One thing Stanford has working for her is the ability to play in the wind. Growing up in Texas, you have to learn how to deal with it and she's hopeful that if the conditions are the same as they were yesterday, it will work in her favor.

"It's funny, my dad was on the phone, I was talking to him last night and he goes, 'You know, people always say you're from Texas and you should enjoy playing in the wind.' He goes, 'I think that's a bunch of crap. I don't know anybody who likes the wind.' I said, 'Yeah, that's true, Dad,'" Stanford said.

"I don't want it to blow harder. But that's what I said walking up (to the media center), it blows this hard at home, I go in. And the only reason I didn't go in a few days before I left (Texas) is because I was trying to get ready for here."

 

Park poised for first win

Angela Park was rookie of the year in 2007 and has been close several times to winning before, but has yet to get that first victory on tour. Born in Brazil and raised in California, Park had a good tournament going at last year's Fields Open at Ko Olina, only to be penalized for slow play as she disappeared from view.

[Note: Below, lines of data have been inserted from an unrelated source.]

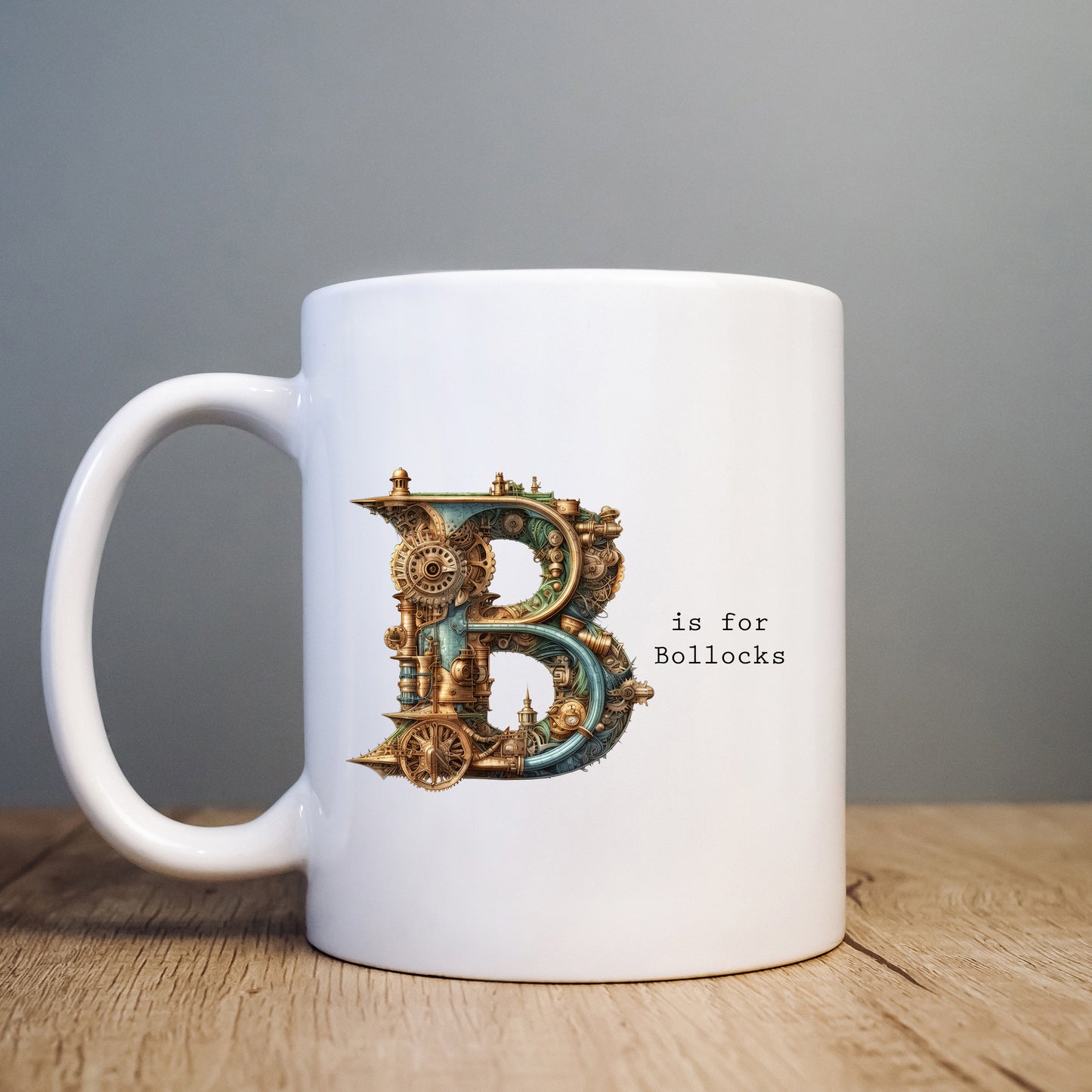 B is for Bollocks Mug, Funny Offensive Hilarious Rude Personalised Gift Cup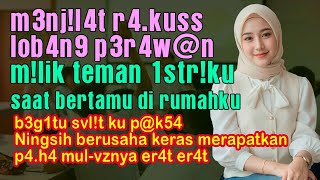 Download lagu mbak Ningsih teman istriku yang masih asli_ kisah nyata cerita cerpen romantis mp3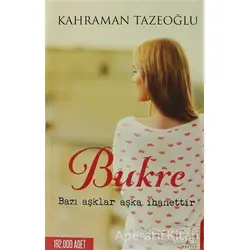 Bukre - Kahraman Tazeoğlu - Destek Yayınları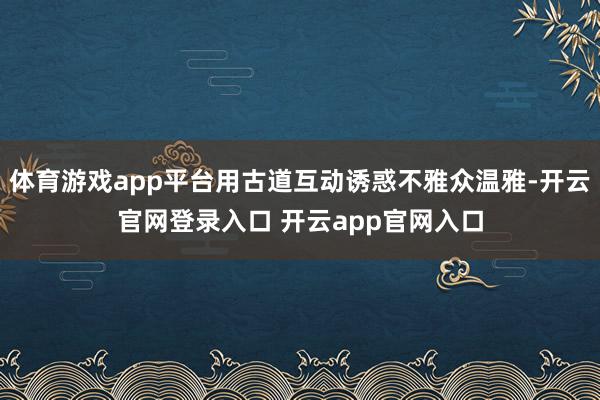 体育游戏app平台用古道互动诱惑不雅众温雅-开云官网登录入口 开云app官网入口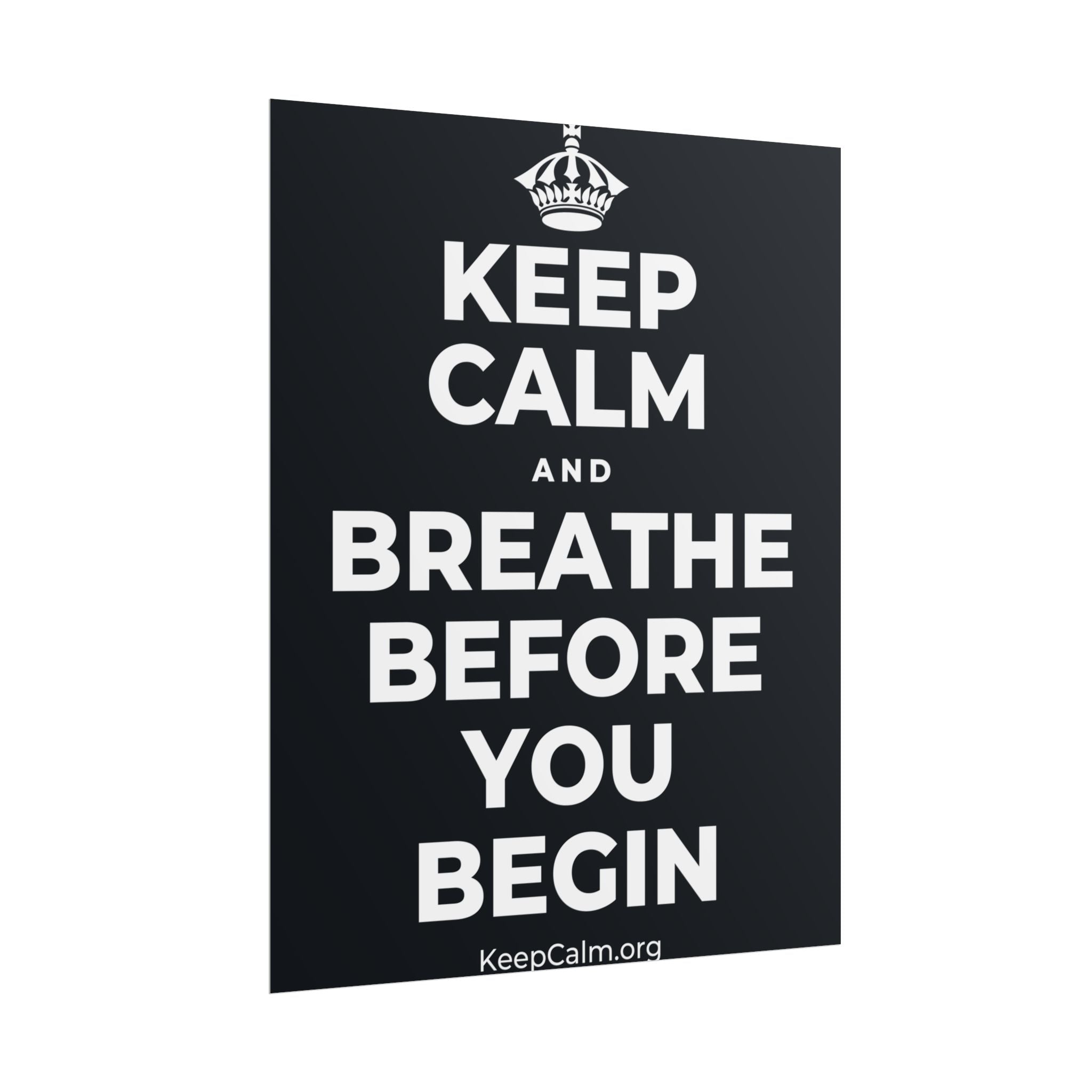 KEEP CALM AND BREATHE BEFORE YOU BEGIN Poster (Dark)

Yesterday, she stayed front and center after shooting a 4-under 68 to move her to 7 under for the tournament and just one shot off the lead. She will be in the final pairing with Stanford and Wie, and is looking forward to the large crowds.

"I've played with Michelle before a couple of times," Park said. "I have experience and I think playing with her will be a lot of fun for both of us."

For Park, it's more about getting that first victory entering her third year on tour.

"My thought process is exactly the same as it was the first two days," Park said. "Win, second or third doesn't matter as long as I go out and put by best foot forward. This is my third year on tour and I've gained a lot of experience and hopefully that experience will pay off."

 

Inside the numbers

The scoring average jumped from 73.671 the first day to 76.039 yesterday as the cutline fell at plus 6. There were only 13 rounds in the red, including just one in the 60s by Park. The hardest hole on the course was the par-4 second with a scoring average of 4.574. There were only five birdies, 61 pars, 59 bogeys, 10 doubles and one triple by Ha Neul Kim.

The easiest hole was the par-5 18th with a scoring average of 4.846. There were 34 birdies, 90 pars, eight bogeys, three doubles and one triple by Sung Ah Kim. There were five eagles yesterday, all on the front side, including one at the par-4 first by Ai Miyazato.